(Beginning of DATA FOR THIS EXERCISE)
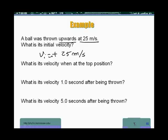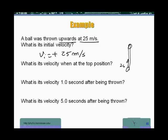What is its velocity when at the top position? If you consider an object moving up and then down, the top position is determined by the object momentarily stopping before falling back. When we throw an object up, its velocity is pointing in the upward direction — that's my 25 meters per second — and it's going to slow down at 10 meters per second every second, since the acceleration is minus 10 meters per second squared. The velocity is up and the acceleration is down.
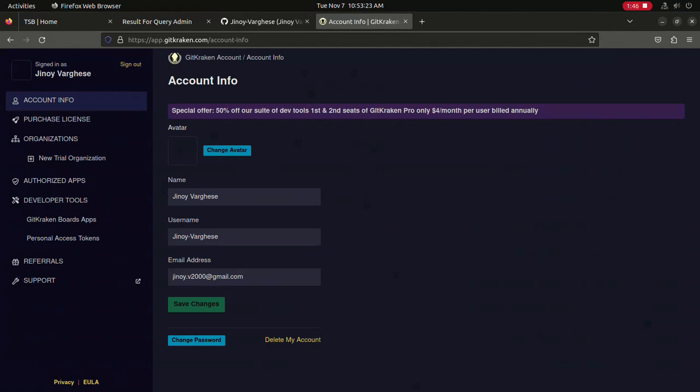Here you can change your avatar, name, username, email, and password. If you select Change Avatar, you will be taken to Gravatar.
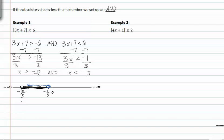If we want to write the interval notation, it's parenthesis negative thirteen-thirds comma negative one-third, close parenthesis.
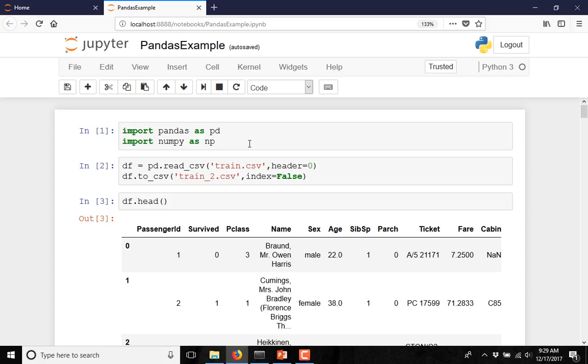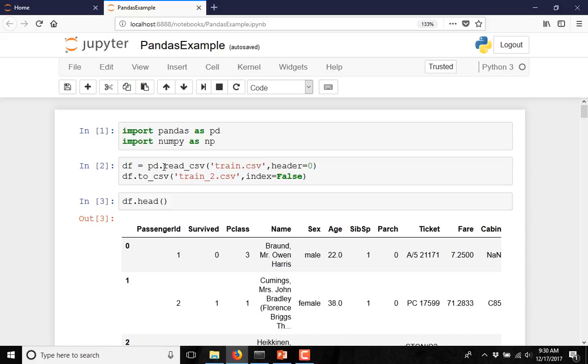To illustrate this, I have already downloaded a file called train.csv. You can download any file from Kaggle. At first we are importing pandas as pd and NumPy as np. In order to read from the CSV file, we have to use the function pandas.read_csv.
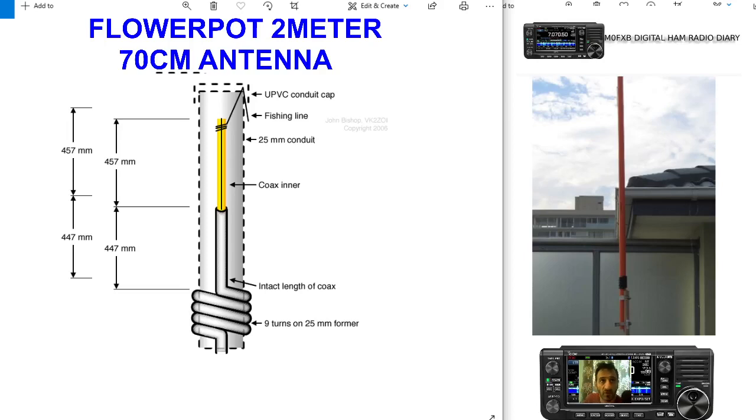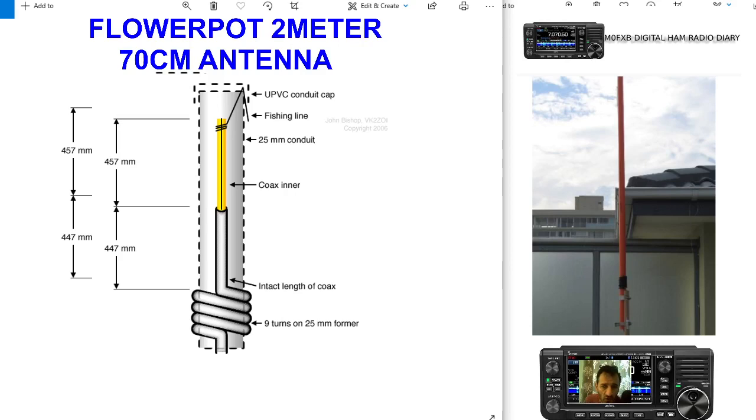M0FXB, welcome to my channel. Just a quickie - someone told me about this flowerpot 2-meter and 70-centimeter antenna. It looks very cheap and easy to build, so I'll put the design here in the image.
(End of DATA FOR THIS EXERCISE)
Pictures excluded, copy exactly the lines running from the one with "To illustrate this, I" through the last line of the material.

To illustrate this, I have already downloaded a file called train.csv. You can download any file from Kaggle. At first we are importing pandas as pd and NumPy as np. In order to read from the CSV file, we have to use the function pandas.read_csv.
M0FXB, welcome to my channel. Just a quickie - someone told me about this flowerpot 2-meter and 70-centimeter antenna. It looks very cheap and easy to build, so I'll put the design here in the image.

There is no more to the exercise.